What he says is, “You hate orchestras.” It sounds like his breath getting wrenched out of him.

Eames looks like he doesn’t know what is going on. Which is just fan-fucking-tastic, because neither does Arthur. “But you don’t.”

“So why, then?”

Eames hesitates. “It seemed like the best way to hammer out a good work relationship.”

It’s the wrong thing to say, because it makes Arthur see red.

_ “Fuck you!” _ he explodes. “You _ came _ to me, you asked me to dinner - it’s been over a goddamn year, and the only thing I know about you is that you like the snow, and that’s from the first fucking day we met. I don’t know anything about you, you _ lied _\- ” 

“I’m a conman,” Eames interrupts, wide-eyed and confused. “It’s what I do.”

“Not to me!” he yells, and for some reason, he’s thinking about that first day and the snowglobe and how the problem isn’t that Eames has many names, but that he has many faces. Lower, brittler, he repeats, “Not to me.”

And the thing is, Eames spends so much time hunting for the bits and pieces Arthur has concealed that he’s blind to what Arthur never bothered to hide. But now, here, dripping wet in the rain and hanging by a thread, Arthur is a more open book than he’s ever been, and finally, Eames sees.

“Oh Arthur,” he says.

**iii.**

If there’s anything Arthur knows, it’s how to be precise: precise in his spreadsheets, briefings, entrances and exits. It’s his impeccable timing that makes him a formidable opponent and gives him an edge over other point men in dreamshare.

Unfortunately, on the rare occasions when his timing is off, it’s _ really fucking off. _

Arthur crouches over Eames’ unconscious body, checking the crudely stitched wound on his side. He would be better off on a mattress, but the bedroom is on the side of the cabin that’s farthest away from the fireplace, and it’s ten degrees below zero outside. 

There are red footprints on the hardwood floors. The front of Arthur’s dress pants are soaked with blood, and his sleeve is ripped from breaking into the cabin. Fashion tragedy aside, he’s fine.

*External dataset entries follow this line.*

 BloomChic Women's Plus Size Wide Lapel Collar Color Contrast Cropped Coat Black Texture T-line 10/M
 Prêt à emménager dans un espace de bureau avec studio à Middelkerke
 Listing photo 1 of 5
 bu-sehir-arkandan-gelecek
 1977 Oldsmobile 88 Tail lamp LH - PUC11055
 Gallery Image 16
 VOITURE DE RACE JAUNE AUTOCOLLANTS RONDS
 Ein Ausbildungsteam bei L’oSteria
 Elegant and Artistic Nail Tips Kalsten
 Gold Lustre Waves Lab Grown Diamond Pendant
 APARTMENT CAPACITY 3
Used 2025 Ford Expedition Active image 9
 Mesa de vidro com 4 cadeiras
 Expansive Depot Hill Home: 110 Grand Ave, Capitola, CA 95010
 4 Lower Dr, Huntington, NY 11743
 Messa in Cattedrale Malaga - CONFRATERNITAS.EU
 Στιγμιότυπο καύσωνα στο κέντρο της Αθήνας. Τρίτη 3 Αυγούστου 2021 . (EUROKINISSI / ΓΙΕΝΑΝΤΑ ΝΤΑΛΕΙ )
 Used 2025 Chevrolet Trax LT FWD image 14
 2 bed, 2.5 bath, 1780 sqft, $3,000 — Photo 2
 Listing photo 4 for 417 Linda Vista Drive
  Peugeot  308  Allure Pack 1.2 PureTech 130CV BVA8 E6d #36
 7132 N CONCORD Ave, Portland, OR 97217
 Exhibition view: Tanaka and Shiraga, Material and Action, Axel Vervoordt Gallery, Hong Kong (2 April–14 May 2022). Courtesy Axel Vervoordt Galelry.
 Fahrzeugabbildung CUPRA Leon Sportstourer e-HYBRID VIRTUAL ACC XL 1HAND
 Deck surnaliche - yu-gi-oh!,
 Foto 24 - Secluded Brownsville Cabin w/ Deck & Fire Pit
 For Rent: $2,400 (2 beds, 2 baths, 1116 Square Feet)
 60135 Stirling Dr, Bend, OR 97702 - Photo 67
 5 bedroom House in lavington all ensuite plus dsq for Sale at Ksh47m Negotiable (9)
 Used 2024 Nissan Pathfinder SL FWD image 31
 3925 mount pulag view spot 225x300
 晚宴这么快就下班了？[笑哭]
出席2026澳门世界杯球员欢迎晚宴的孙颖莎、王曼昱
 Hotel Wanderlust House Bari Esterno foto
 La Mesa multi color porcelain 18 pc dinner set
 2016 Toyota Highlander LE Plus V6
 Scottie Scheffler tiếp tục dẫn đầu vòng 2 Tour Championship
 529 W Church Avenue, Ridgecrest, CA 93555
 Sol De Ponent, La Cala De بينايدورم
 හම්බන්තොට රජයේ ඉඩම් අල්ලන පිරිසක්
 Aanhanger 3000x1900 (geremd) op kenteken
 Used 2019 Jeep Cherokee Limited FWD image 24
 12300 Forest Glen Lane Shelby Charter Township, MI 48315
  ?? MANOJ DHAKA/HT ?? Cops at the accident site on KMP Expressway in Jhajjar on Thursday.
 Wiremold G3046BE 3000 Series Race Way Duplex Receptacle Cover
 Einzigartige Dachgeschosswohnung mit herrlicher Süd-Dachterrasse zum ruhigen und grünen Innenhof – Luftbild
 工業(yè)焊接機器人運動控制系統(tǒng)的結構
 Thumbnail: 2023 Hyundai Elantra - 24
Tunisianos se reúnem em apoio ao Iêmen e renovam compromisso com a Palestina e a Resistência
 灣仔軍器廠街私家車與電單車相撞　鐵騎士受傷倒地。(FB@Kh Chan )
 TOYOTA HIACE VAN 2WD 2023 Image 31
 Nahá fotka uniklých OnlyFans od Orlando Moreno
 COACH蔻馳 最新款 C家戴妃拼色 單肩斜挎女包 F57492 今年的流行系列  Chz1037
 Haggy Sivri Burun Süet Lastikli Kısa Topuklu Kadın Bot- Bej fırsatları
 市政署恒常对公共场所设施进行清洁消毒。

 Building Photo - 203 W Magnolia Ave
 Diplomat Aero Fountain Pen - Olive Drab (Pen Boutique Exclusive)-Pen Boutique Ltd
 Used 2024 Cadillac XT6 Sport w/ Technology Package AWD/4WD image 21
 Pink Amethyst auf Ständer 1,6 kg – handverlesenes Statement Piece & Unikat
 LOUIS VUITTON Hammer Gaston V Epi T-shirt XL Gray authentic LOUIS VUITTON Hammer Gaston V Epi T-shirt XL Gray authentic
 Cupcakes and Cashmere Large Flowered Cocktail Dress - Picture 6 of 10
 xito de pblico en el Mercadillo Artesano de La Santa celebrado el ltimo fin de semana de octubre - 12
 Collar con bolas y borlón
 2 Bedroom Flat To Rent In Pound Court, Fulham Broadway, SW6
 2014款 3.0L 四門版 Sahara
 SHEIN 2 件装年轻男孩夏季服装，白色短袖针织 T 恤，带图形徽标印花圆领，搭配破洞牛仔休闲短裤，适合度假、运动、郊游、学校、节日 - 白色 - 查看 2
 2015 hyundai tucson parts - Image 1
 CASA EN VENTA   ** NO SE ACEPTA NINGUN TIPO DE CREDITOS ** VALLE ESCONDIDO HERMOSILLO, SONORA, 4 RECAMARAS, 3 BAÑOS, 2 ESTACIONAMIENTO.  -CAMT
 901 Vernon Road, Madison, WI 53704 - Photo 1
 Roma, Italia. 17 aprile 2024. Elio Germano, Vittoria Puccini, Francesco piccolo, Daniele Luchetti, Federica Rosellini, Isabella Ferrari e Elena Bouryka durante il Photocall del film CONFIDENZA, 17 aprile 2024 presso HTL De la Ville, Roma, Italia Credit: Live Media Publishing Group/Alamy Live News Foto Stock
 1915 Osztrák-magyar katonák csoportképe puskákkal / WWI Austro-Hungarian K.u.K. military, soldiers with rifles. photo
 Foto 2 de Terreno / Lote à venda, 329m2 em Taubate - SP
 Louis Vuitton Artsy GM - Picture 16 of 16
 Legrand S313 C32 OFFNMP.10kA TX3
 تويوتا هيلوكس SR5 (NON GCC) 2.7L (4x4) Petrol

His heart, pounding loud and uncontrollable in his ears, does not get the message. His face is wet. Shock, Arthur decides. It’s shock. He checks to see if Eames is still breathing, just in case. It’s dreadful - a slow, dry wheeze being tugged from his lungs every few seconds. 

Arthur rummages around the cupboards and fridge for anything he can use, then double-checks the locks on the doors. 

Their Russian architect could have helped them out of the country, Arthur thinks bitterly, if she hadn’t been in league with their double-crossing extractor.

He’s checking for a pulse again when Eames stirs and opens his eyes.

“Oh good, you’re awake,” Arthur says. “No, don’t move - here.” He presses an ice cube to Eames’ mouth, then goes back to trying to wipe the blood off him. They’re going to have to clean the floor especially well before they leave if they want their brief stay to remain unknown. And it’s going to have to be brief, because if their turncoat extractor doesn’t get to them first, the secret service will. 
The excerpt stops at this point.